Share your dilemmas and get honest opinions from other Mumsnetters.

AIBU for telling my daughter that I won't attend her wedding?

230 replies

GladCat · 20/05/2024 08:36

Hi, I'm going to keep it short. My daughter is 27 years old and has been living in the UAE for a few years now. She works as an English teacher and the pay + benefits there are great. She's a very sociable person so she has a large circle of friends there, surprisingly made up of mostly natives (Emiratis). It was through one of these female Emirati friends that she was introduced to her now fiancé. They're getting married in January 2025. Even though we met the man and he seems like a good one, there's just one tiny problem: he already has a wife and 2 kids. My husband and I are aware that in Islam men are permitted to have up to 4 wives (and apparently the fiancé's wife is cool with this since it's common throughout their social class), but we're still very uncomfortable with the practice 'cause it feels archaic (and frankly oppressive) to us. We told our daughter that she can do whatever she wants as a grown woman and we'll always want her to be happy, but we don't condone dynamics like this and don't wish to attend the wedding events. She's obviously quite pissed at us. AIBU?

OP posts:
GladCat · 20/05/2024 08:48

Westfacing · 20/05/2024 08:44

In the Middle East having more than one wife is not that common, despite what people claim, particularly among the young and well-educated.

And whatever people say, the first wife is rarely cool about another wife!

I wonder what your daughter thinks is in it for her... is the guy extremely wealthy?

I know, that's why I said it's common among "their social class", this is a subset of Emiratis - you need to be able to afford multiple wives if you want that which there means separate houses for them, cars, staff, allowance, etc. The wives usually only meet at joint family functions, vacations...

OP posts:
Lampzade · 20/05/2024 08:48

Completely understand where you are coming from Op.
I would be really upset.
However, I would still attend the wedding.
Also, I would think about future grandchildren etc. You would want to be in their lives
Your dd is an adult and she has made her decision. Just support her so that she knows that you will always be there for her if the marriage doesn’t work out

Bunniemalone · 20/05/2024 08:48

You must go, for her. As when this falls apart she will need you. Also ensure she keeps hold of her passport, or a trusted friend holds it for her. We had a relative do something similar & had a dickens of a job getting her home, when it all went very very wrong, as his family had her passport.

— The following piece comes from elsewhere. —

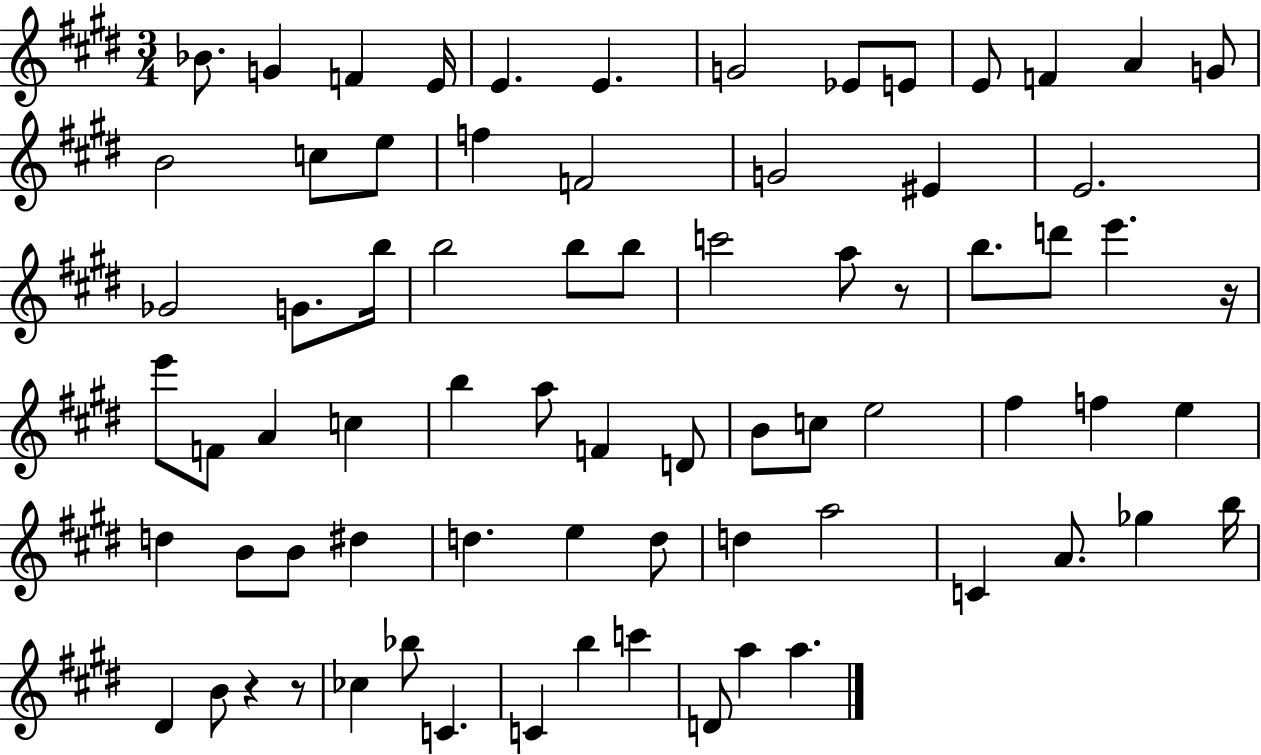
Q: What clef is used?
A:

Womblingmerrily · 20/05/2024 08:48

I initially thought it would be unreasonable to miss a child's wedding, then I read your post.

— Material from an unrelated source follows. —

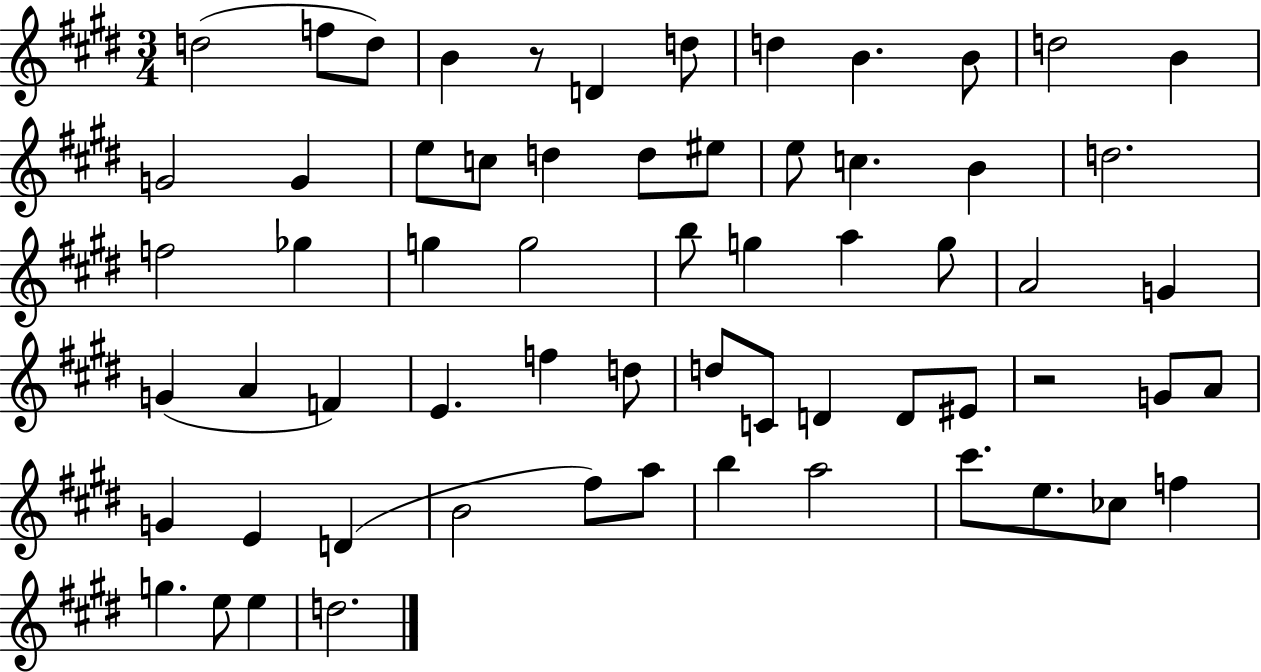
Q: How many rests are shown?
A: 2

Then I thought in those circumstances I would not want to give 'my blessing' to the marriage she is entering into because I would oppose it utterly.

Then I read some of the following posts and changed my mind (again) and thought silent support for my child would be important, even if I was clear that I had deep reservations about the whole thing. (Even if I was secretly hoping up to the end that she would call it off/change her mind)

In short, really tricky situation that I would find it hard to decide on.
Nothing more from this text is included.